Monsieur Paul Boyer,
Vous souvenez-vous cette lettre que vous avez écrite et adressée à Monsieur le docteur de Clérambault, directeur de l’Infirmerie spéciale du dépôt, à l’asile Sainte-Anne, ce mardi 29 avril 1930 ? Je la reproduis ici mot-à-mot. Comment je me suis procuré ce document et quelques autres, n’a pas d’importance aujourd’hui.
« Mon cher Docteur,
Je crois servir l’intérêt public en vous mettant au courant des faits que voici. Un de nos répétiteurs, Arménien d’origine, naturalisé français sur ma recommandation, garçon dont je puis dire qu’il me doit tout, s’est livré ce matin à une agression qui eût pu me coûter cher : arguant de griefs purement imaginaires, et qui n’ont de réalité que dans son délire de persécution, il m’a cassé une forte canne sur la tête (dans mon cabinet, où je le recevais sur demande expresse).

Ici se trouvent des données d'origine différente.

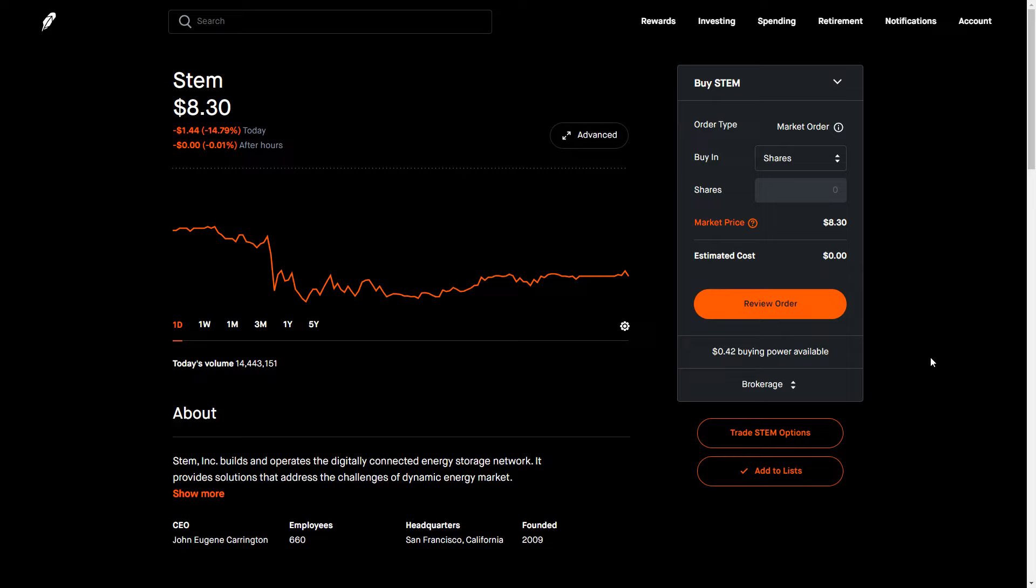Hey YouTube, this is Zach with Achilles Financial and today I want to talk about STEM. This is one of many videos on STEM I've produced over the past few days and I thought it was important to cover the post-earnings reaction.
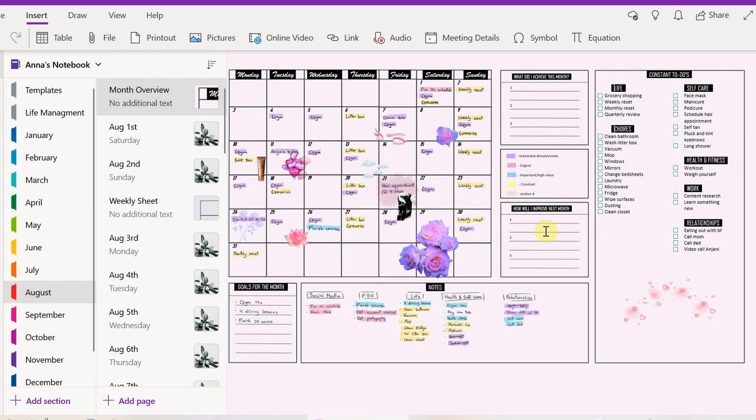That's basically how I plan my month in OneNote with the templates. If you enjoyed this video, give it a like, and I will see you on the next episode when I show you how I plan my weeks.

Et vous pouvez imaginer le scénario et ses suites : forte hémorragie, lavage sommaire, transport à la Charité, points de suture (j’ai refusé, comme inutile, la piqûre de sérum antitétanique), ma déposition au commissariat de police de la rue Perronet (quartier Saint-Thomas-d’Aquin) : voilà pour mon lot. Contrepartie : cris hystériques, propos incohérents (« Je suis le justicier », « J’ai fait justice d’un assassin qui voulait faire de moi un espion, et cela durait depuis trois ans »), arrestation, remise au poste de police de commissariat ci-dessus désigné. Mais ce que j’ai surtout le devoir de vous dire, c’est ceci : J’ai refusé de porter plainte, arguant que le délinquant relevait de l’asile d’aliénés et non du tribunal. Si donc vous êtes saisi de l’affaire (ou si vous pouvez toucher celui de vos confrères qui le sera), faites en sorte que ce pauvre diable soit effectivement interné, et pour longtemps ; faute de quoi il y a probabilité (sinon certitude) pour qu’il récidive, s’en prenant, cette fois, à d’autres peut-être qu’à moi-même, -au secrétaire de l’école par exemple, -ou à tel de ses élèves qui cependant ne se sont jamais livrés contre lui à une manifestation déplacée. Tout le dossier de cette petite affaire se trouve entre les mains du commissaire de police de la rue Perronet.
Croyez, mon cher Docteur, à mes fidèles et bien dévouées sympathies.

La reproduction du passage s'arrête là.